Question

Alex Cross has purchased an annuity for $70,000 and is to receive $600 per month for...

Alex Cross has purchased an annuity for $70,000 and is to receive $600 per month for life. He is 65 years old and has a life expectancy of 14 years.

a. Apply the exclusion ratio formula to determine how much of his annual annuity income is TAXABLE. Your answer should be in dollars.

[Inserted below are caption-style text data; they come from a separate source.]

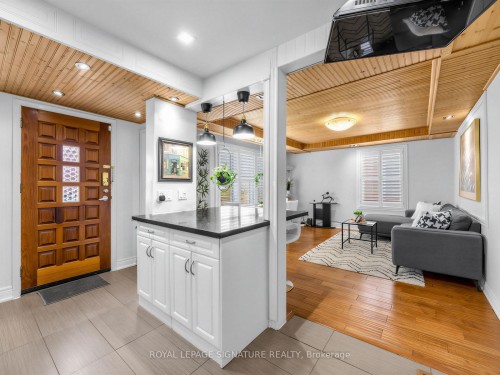 67 Ellington Drive, Toronto, ON - Indoor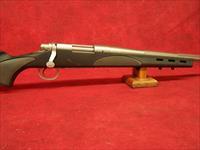Remington 700 SPS Varmint Stainless .220 Swift 26" Stainless Fluted Barrel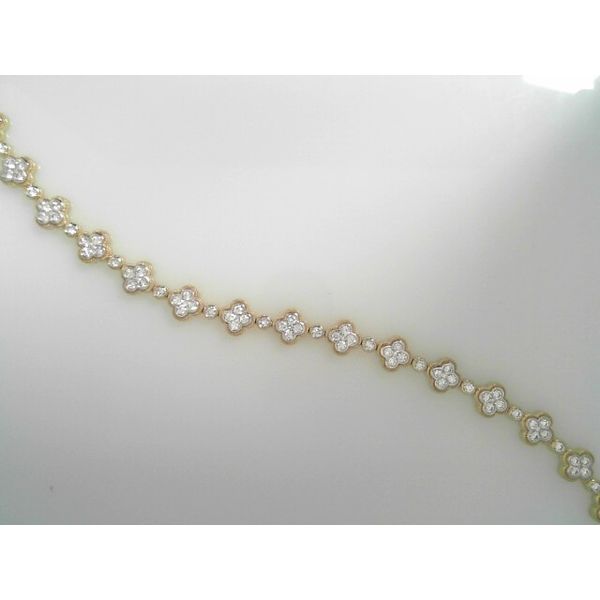 Diamond Bracelet T.J.'s Fine Jewelry Carbondale, IL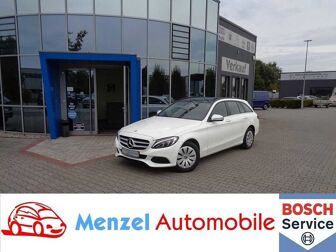 Fahrzeug MERCEDES-BENZ C KLASSE undefined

b. If Cross is still alive and collecting annuity payments at age 81, what percentage of his income is TAXABLE?

Homework Answers

Answer #1

calculate your exclusion ratio by dividing your initial investment by your number of payment periods. Each month anything over the exclusion ratio amount would be considered taxable income

Initial investment = $70000

Expected no. of payments = 14 years = 14*12 months = 168months

Exclusion ratio = 70,000/168 = $416.67 per month

Taxable income per month = $600 - $416.67 = $183.33

Annual taxable income = $183.33*12 = $2200

(b) For a lifetime annuity, you calculate the exclusion ratio as in a standard, fixed-period annuity contract. At a certain point, however, you will have collected back the entire initial investment. At this point, the exclusion ratio will fall off and the entire income of the annuity will become taxable.

If you survive for more than 14 years, your entire annuity amount will be taxed.